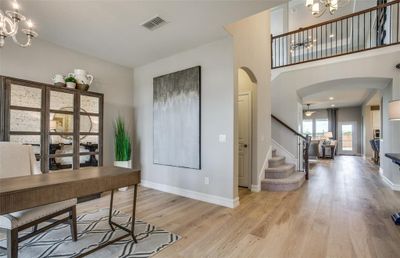 Bright entry way *Photos of furnished model. Not actual home. Representative of floor plan. Some options and features may vary | Image 2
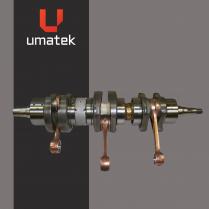 CRANKSHAFT - YAMAHA SRX 700 JAPANESE BEARING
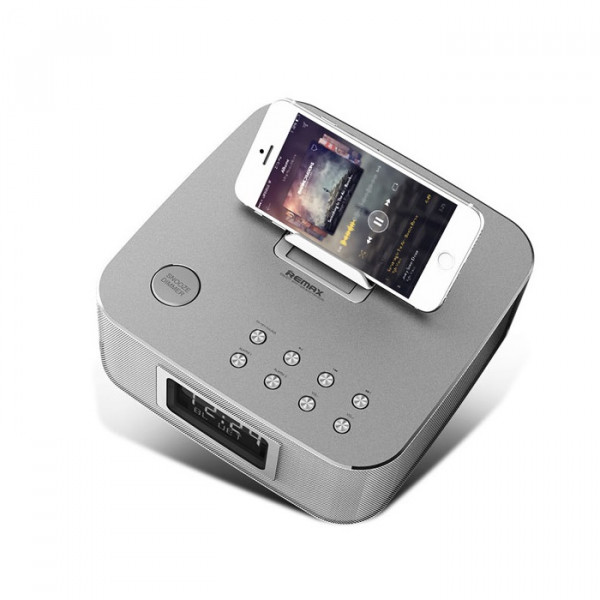 Bluetooth колонка Remax RB-H3 Speaker with Alarm Clock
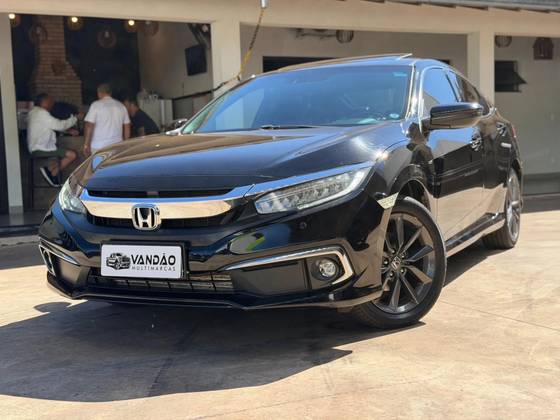 HONDA CIVIC 1.5 16V TURBO GASOLINA TOURING 4P CVT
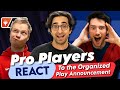 The Pro Tour is Back! Pro Players React!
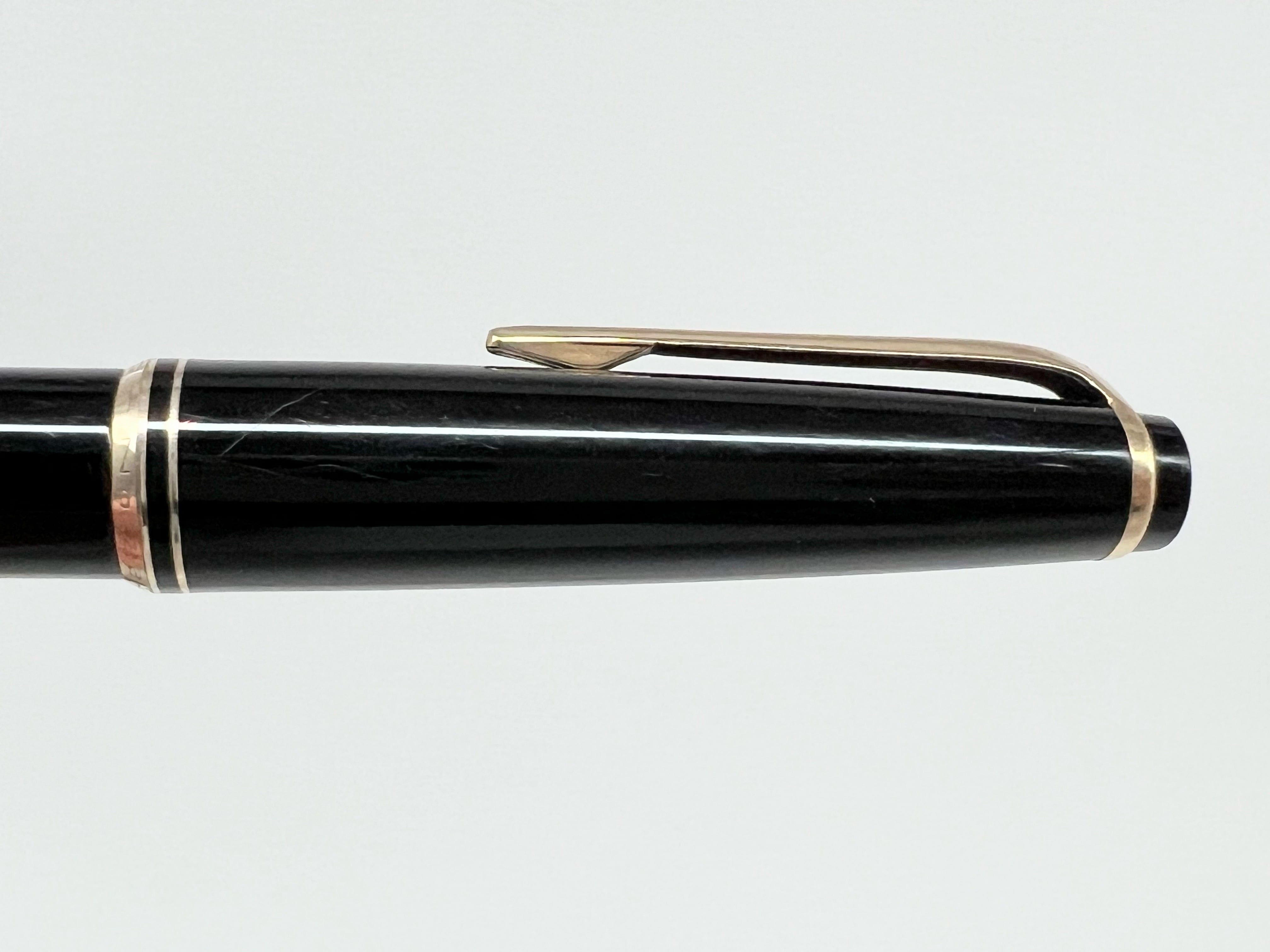 60s モンブラン No 22 MONTBLANC No 22 （極細字） 14K 02940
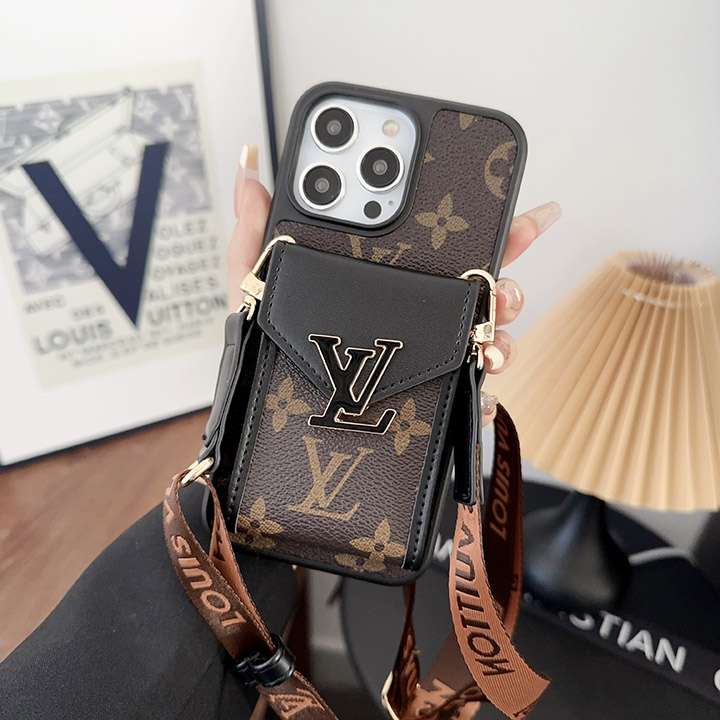 LV iphone15 proケースショルダー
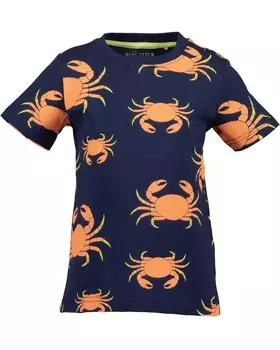 Футболка BLUE SEVEN, темно-синий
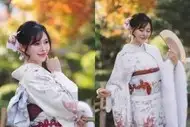 Viet Phuong Thoa: Enchanting Beauty in Traditional Japanese Kimono.-6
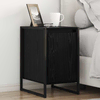 Noćni ormarić Crni hrast 39,5 x 30 x 50 cm Konstruirano drvo
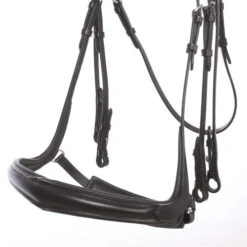 Kavalkade Ivonne Convertible Double Bridle 17 Kavalkade Ivonne Convertible Double Bridle -Equestrian Supplies Store ivonne bridle black plain nose kavalkade 19306 37108.1555701199
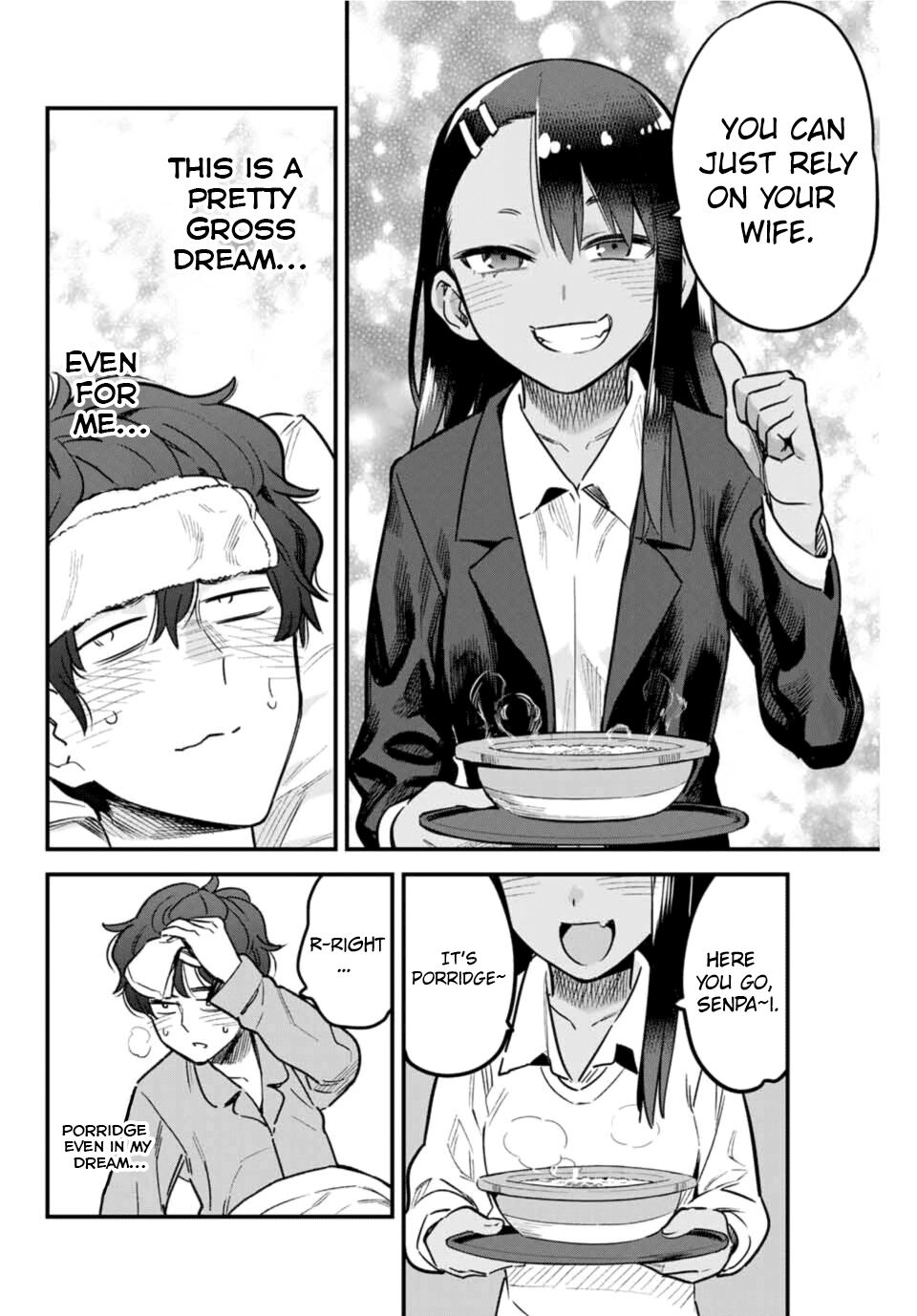 Please don't bully me, Nagatoro chapter 65 page 12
-*-*-
Directions for this task ->
Only the lines from the one containing "The Pro Tour is Back! Pro Players React!" through the last line of the entries, both included, should be repeated exactly, and the pictures should be left out.

Output ->
 The Pro Tour is Back! Pro Players React!
 60s モンブラン No 22 MONTBLANC No 22 （極細字） 14K 02940
 LV iphone15 proケースショルダー
 Футболка BLUE SEVEN, темно-синий
 Viet Phuong Thoa: Enchanting Beauty in Traditional Japanese Kimono.-6
 Noćni ormarić Crni hrast 39,5 x 30 x 50 cm Konstruirano drvo
 Kavalkade Ivonne Convertible Double Bridle 17 Kavalkade Ivonne Convertible Double Bridle -Equestrian Supplies Store ivonne bridle black plain nose kavalkade 19306 37108.1555701199
 Please don't bully me, Nagatoro chapter 65 page 12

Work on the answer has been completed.